The MediaPipe Tasks documentation covers installation, initialization, and a working demo. It does not cover what happens when you try to ship a production app. Six months of building CareSpace AI — a real-time physiotherapy app that runs pose detection at 30fps on every frame — filled in those gaps.
Here's what the docs leave out.
AVCaptureSession setup that actually works
The docs show a generic camera setup. This is the production-tuned configuration that keeps latency low and prevents dropped frames:
class CameraManager: NSObject {
private let captureSession = AVCaptureSession()
private let videoOutput = AVCaptureVideoDataOutput()

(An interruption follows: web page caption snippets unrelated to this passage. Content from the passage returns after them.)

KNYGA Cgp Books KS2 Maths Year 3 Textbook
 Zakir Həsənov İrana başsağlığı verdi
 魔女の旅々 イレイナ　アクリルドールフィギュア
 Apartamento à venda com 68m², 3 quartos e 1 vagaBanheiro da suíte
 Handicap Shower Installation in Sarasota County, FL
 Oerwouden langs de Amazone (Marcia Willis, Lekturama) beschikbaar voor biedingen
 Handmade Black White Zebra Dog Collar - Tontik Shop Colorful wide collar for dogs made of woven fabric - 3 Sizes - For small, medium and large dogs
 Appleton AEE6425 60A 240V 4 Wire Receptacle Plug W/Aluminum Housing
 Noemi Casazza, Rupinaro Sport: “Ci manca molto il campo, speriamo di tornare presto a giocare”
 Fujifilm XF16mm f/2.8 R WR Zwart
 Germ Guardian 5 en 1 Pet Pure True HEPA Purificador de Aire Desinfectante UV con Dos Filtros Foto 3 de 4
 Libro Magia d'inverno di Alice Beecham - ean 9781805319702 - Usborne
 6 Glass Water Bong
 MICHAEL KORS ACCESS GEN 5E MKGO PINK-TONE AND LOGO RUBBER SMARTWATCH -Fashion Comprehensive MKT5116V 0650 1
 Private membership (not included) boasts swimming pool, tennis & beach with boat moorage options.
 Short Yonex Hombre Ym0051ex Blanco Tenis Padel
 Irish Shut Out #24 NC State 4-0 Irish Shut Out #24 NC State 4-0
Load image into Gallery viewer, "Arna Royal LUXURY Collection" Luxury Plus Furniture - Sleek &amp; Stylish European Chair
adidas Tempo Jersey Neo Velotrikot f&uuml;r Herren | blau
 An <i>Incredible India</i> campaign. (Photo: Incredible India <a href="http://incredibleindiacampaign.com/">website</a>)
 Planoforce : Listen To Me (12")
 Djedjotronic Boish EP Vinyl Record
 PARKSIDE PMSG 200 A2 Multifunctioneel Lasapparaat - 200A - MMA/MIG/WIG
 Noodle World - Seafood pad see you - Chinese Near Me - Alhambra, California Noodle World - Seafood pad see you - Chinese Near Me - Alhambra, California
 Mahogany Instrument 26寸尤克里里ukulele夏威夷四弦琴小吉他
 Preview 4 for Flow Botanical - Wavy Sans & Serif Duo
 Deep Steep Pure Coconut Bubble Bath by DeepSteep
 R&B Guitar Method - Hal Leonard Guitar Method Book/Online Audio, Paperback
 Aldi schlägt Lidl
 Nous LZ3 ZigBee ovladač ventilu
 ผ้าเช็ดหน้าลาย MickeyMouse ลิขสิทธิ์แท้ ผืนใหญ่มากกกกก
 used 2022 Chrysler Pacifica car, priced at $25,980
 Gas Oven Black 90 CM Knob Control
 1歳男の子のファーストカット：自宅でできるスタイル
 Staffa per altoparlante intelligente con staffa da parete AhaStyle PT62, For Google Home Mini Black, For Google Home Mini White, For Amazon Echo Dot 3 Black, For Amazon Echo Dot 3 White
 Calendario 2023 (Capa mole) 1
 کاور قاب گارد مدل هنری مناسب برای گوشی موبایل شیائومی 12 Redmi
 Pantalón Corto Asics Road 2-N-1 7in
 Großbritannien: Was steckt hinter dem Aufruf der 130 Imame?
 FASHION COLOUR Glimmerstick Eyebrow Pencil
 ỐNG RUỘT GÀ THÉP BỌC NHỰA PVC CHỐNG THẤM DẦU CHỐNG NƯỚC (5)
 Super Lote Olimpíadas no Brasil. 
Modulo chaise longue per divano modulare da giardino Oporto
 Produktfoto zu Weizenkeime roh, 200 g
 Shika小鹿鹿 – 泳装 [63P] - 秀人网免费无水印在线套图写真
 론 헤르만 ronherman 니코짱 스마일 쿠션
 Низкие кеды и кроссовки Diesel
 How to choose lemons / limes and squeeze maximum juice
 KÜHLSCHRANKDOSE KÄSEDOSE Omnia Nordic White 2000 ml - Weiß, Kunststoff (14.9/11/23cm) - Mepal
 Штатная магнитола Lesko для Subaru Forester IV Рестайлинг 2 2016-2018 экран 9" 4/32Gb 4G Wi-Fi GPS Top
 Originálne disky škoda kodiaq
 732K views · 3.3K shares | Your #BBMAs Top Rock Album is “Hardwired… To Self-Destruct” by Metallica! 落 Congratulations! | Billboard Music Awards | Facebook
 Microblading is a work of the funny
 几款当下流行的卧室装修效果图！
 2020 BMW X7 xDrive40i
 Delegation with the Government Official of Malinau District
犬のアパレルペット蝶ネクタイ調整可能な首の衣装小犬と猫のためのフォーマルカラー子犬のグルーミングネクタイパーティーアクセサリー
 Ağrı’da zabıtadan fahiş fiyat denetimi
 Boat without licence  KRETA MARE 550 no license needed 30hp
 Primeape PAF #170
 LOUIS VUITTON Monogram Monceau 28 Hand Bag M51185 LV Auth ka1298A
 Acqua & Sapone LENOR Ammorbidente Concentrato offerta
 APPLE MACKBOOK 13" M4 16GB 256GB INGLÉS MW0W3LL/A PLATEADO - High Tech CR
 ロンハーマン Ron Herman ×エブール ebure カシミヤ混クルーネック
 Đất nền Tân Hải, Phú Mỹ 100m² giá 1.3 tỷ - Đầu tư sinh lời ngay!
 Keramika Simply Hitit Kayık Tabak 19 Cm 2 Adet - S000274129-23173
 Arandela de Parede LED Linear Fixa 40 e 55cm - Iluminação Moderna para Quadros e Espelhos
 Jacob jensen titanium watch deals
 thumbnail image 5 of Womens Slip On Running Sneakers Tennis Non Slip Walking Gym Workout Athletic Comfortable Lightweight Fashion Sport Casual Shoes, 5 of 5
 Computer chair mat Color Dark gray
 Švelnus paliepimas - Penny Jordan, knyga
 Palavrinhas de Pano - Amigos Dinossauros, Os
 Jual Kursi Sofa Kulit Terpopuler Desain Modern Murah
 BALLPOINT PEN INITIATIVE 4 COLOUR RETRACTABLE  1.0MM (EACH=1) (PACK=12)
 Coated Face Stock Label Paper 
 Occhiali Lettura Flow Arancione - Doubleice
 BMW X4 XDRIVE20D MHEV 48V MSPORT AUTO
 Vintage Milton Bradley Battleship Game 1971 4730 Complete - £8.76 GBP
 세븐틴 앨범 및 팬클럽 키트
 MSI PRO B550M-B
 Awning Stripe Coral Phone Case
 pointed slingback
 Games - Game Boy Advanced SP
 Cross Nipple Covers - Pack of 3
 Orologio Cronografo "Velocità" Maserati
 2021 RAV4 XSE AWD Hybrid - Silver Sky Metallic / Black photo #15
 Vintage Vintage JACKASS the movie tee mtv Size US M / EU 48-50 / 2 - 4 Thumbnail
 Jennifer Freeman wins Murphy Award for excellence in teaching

private let processingQueue = DispatchQueue(label: "com.app.camera", qos: .userInitiated)
func configure() throws {
captureSession.beginConfiguration()
// VGA is the MediaPipe sweet spot — higher resolution adds latency without accuracy gains
captureSession.sessionPreset = .vga640x480
guard let device = AVCaptureDevice.default(.builtInWideAngleCamera, for: .video, position: .front),
let input = try? AVCaptureDeviceInput(device: device) else {
throw CameraError.deviceUnavailable
}
captureSession.addInput(input)
// Lock frame rate — variable frame rate causes timestamp jitter in MediaPipe
try device.lockForConfiguration()
device.activeVideoMinFrameDuration = CMTime(value: 1, timescale: 30)
device.activeVideoMaxFrameDuration = CMTime(value: 1, timescale: 30)
device.unlockForConfiguration()
// BGRA is what MediaPipe expects — do not use MJPEG or YUV without conversion
videoOutput.videoSettings = [
kCVPixelBufferPixelFormatTypeKey as String: kCVPixelFormatType_32BGRA
]
videoOutput.alwaysDiscardsLateVideoFrames = true
videoOutput.setSampleBufferDelegate(self, queue: processingQueue)
captureSession.addOutput(videoOutput)
captureSession.commitConfiguration()
}
}
Two things that aren't obvious: frame rate locking and pixel format. Without frame rate locking, AVFoundation's automatic frame rate control kicks in when the CPU is under load — and sends MediaPipe frames with inconsistent timestamps, which breaks temporal smoothing. Without kCVPixelFormatType_32BGRA, you're doing an implicit conversion on every frame.
GPU vs CPU delegate — it's not what you think
The docs say: "Use GPU delegate for better performance." That's true for benchmarks. In production, it's more complicated.
// GPU delegate — fast, but causes thermal issues in long sessions
let gpuOptions = PoseLandmarkerOptions()
gpuOptions.baseOptions.delegate = .GPU
// CPU delegate — slower per-frame, but thermally stable
let cpuOptions = PoseLandmarkerOptions()
cpuOptions.baseOptions.delegate = .CPU
The GPU delegate runs 20–30% faster per frame. But on an iPhone 12, after about 8 minutes of continuous use with the GPU delegate, the device throttles and frame rate drops from 30fps to 18fps. With the CPU delegate, the same session runs at a stable 28fps for 20+ minutes.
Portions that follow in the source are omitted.